Note that we have three tetrarchs named. That’s remarkable because the “tetra” part means “four”. The kingdom of of Herod the Great, the final King of the Jews had been broken into four parts. The lesser parts were doled out to Herod’s children and grandchildren–I believe this Herod, Antipas, was the grandson of Herod the Great. But he may have been a son. In any case, the fourth part was Judea, which was retained by Rome as the seat of the Roman governor for the area, although strictly speaking Pilate was the governor of Syria, to which Judea was appended. Annas and Caiaphas were the local collaborationist puppets of the Romans. While their authority was actually religious, the secular and the religious powers had been thoroughly mixed up since the time of the Maccabees a century before. So, while his title was high priest, Caiaphas had secular authority as well. He was charged with keeping the peace. The Romans found it useful to interpose a buffer of a puppet regime between themselves and the subject population for the first period after annexing a new territory. Thus Herod the Great was what is known as a “client king”; he retained the title of king, but only at the sufferance of the Romans. Really, the time for this intermediary rule had gone past, but the Romans maintained it to some degree here. I am honestly not sure why they retained this arrangement. In the grand scheme of the Empire, Judea was sort of an afterthought, so the rationale behind the arrangement is not well explained in our sources. Josephus’ account is very Judeo-centric, so I don’t know how far it is to be trusted. The point of all this is that Annas and Caiaphas did have limited secular power, largely because Pilate spent most of his time in Caesarea. So Pilate delegated the local policing to the Jewish religious authorities with the help of  a detachment of Roman soldiers who had considerable latitude to act independently to step in and quell any sort of disturbance. One thing that is important to realize is that there was not a lot of cooperation between the high priest and any of the tetrarchs. Indeed, that was largely the point of fragmenting the area like this: to prevent cooperation between the native parties. So the idea that the high priests in Jerusalem were in communication and/or collusion with Herod about Jesus–or anything else–really doesn’t hold much water.
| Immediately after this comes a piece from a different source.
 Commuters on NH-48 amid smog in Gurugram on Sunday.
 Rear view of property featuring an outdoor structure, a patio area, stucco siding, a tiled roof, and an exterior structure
1 Anno autem quinto decimo im perii Tiberii Caesaris, procu rante Pontio Pilato Iudaeam, tetrarcha autem Galilaeae Herode, Philippo autem fratre eius tetrarcha Ituraeae et Trachonitidis regionis, et Lysania Abilinae tetrarcha,

2 sub principe sacerdotum Anna et Caipha, factum est verbum Dei super Ioannem Zachariae filium in deserto.

3 καὶ ἦλθεν εἰς πᾶσαν [τὴν] περίχωρον τοῦ Ἰορδάνου κηρύσσων βάπτισμα μετανοίας εἰς ἄφεσιν ἁμαρτιῶν,

4 ὡς γέγραπται ἐν βίβλῳ λόγωνἨσαΐου τοῦ προφήτου, Φωνὴ βοῶντος ἐν τῇ ἐρήμῳ, Ἑτοιμάσατε τὴν ὁδὸν κυρίου, εὐθείας ποιεῖτε τὰς τρίβους αὐτοῦ.

5 πᾶσα φάραγξ πληρωθήσεται καὶ πᾶν ὄρος καὶ βουνὸς ταπεινωθήσεται, καὶ ἔσται τὰ σκολιὰ εἰς εὐθείαν καὶ αἱ τραχεῖαι εἰς ὁδοὺς λείας:

6 καὶ ὄψεται πᾶσα σὰρξ τὸ σωτήριον τοῦ θεοῦ.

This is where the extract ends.